In this case, both a column family and column within the family are specified. If we had specified only the family with an addFamily invocation, then all columns in that family would be returned.

For a scan example, consider the following code. Instead of specifying a particular row key, you specify a starting row key and a limit. This may seem somewhat limited (no pun intended) in terms of the query power, but you can also specify row filters via the setFilter() method that execute server-side.
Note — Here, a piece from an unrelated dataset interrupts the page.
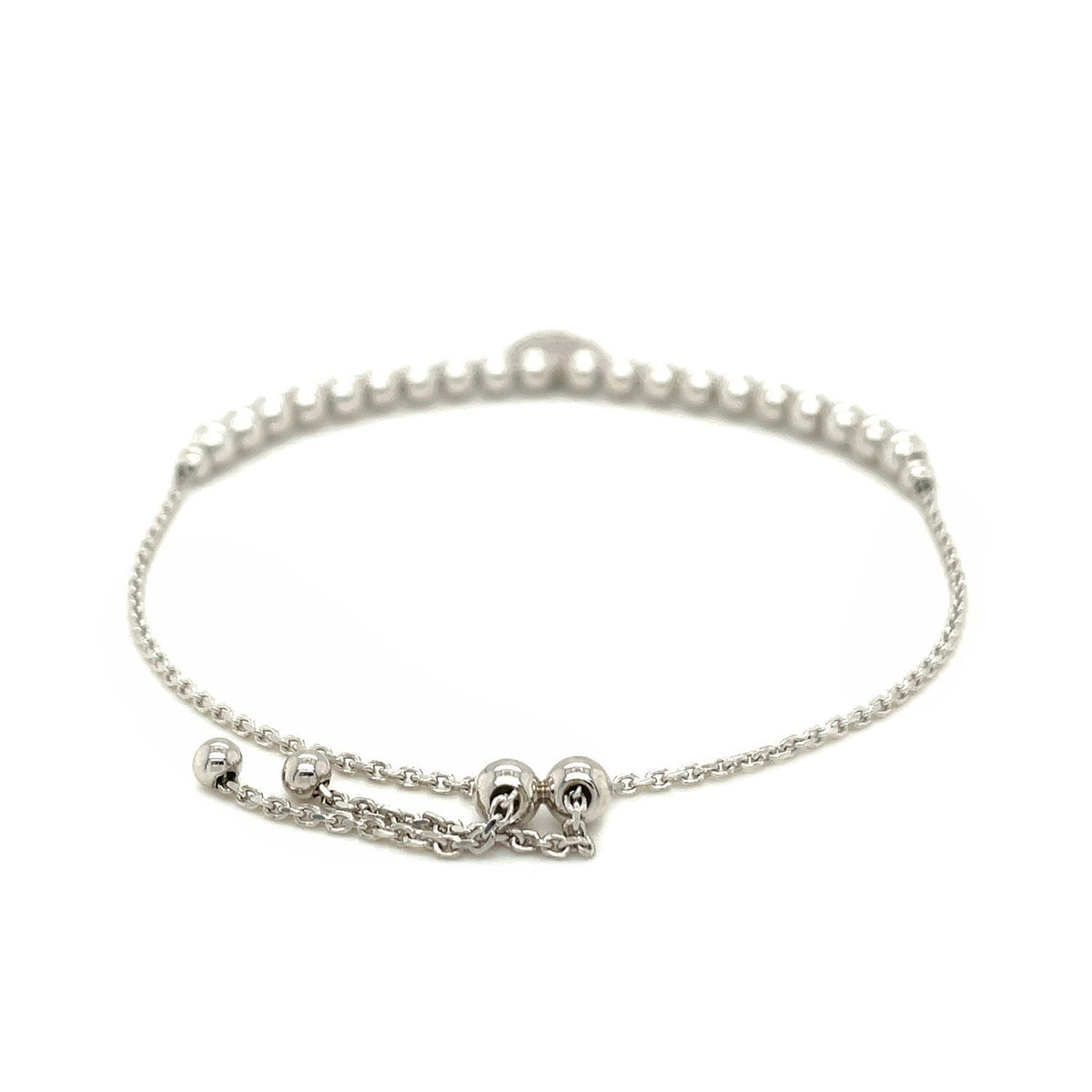 Pulsera de cuentas ajustable con dije redondo y circonitas cúbicas en plata de ley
However, a Scan remains true to its name: it will hit every row key in the scan. The row limit is implemented purely in the client side code. (It is also implemented client side in the official HBase shell interactive version of scan.) But you can set the cache limit server side and use a PageFilter to keep the servers from churning through every row when you only wanted a few.

    /**
     *    Specifies a range of rows to retrieve based on a starting row key
     *    and retrieves up to limit rows.  Each row is passed to the supplied
     *    DataScanner.
     */
    public void ScanRows(String startDate, String symbol,
             int limit, DataScanner scanner) throws IOException {
        ResultScanner results = null;
        try (Connection conn = ConnectionFactory.createConnection(config)){
            // Get the table
            Table table = conn.getTable(TableName.valueOf(TABLE_NAME));
            // Create the scan
            Scan scan = new Scan();
            // start at a specific rowkey.
            scan.setStartRow(makeKey(startDate, symbol));
            // Tell the server not to cache more than limit rows
            // since we won;t need them
            scan.setCaching(limit);
            // Can also set a server side filter
            scan.setFilter(new PageFilter(limit));
            // Get the scan results
            results = table.getScanner(scan);
            // Iterate over the scan results and break at the limit
            int count = 0;
            for ( Result r : results ) {
                scanner.ProcessRow(r);
                if ( count++ >= limit ) break;
            }
        }
        finally {
            // ResultScanner must be closed.
            if ( results != null ) results.close();         
        }
    }

Also in the above code, we see that the query results are not process in-situ, but are sent directly to a callback interface. Again, this is done to avoid creation of intermediate objects. In the example case, the DataScanner provided simply dumps the output to stdout.

The Row Key

We mentioned above the importance of designing a good row key. In this example, the row key was chosen to be a munge of stock name followed by date. In a fully distributed system, this means that rows are going to be allocated to servers first based on their stock symbol and then based on their date. This has important benefits. Queries against historical data are likely going to be focused mainly on yesterday's data, and following that in popularity will be the day before yesterday, etc. Analysts are rarely going to look at the stock price of, say, IBM in 1987. So if the row key had been designed the other way with the date first, days would tend to be clustered together, and real query traffic would tend to bombard a small fraction of the HBase region servers in your cluster!

Conclusion

I didn't talk about Zookeeper. Zookeeper is a kind of distributed task manager that synchronizes configuration and coordinates distributed services. Since this was intended to be a simple example running on a single node, I didn't talk about it.

NoSQL databases offer improved scalability for hosting large data stores, in the range of billions of rows and millions of columns. These database systems deliver on that promise by relaxing various constraints imposed by the relational model, and the choice of relaxed constraint is driven by particular use cases. I think the plethora of NoSQL databases owes to the many different use cases and many different ways and degrees of relaxing the relational model. (http://nosql-database.org/).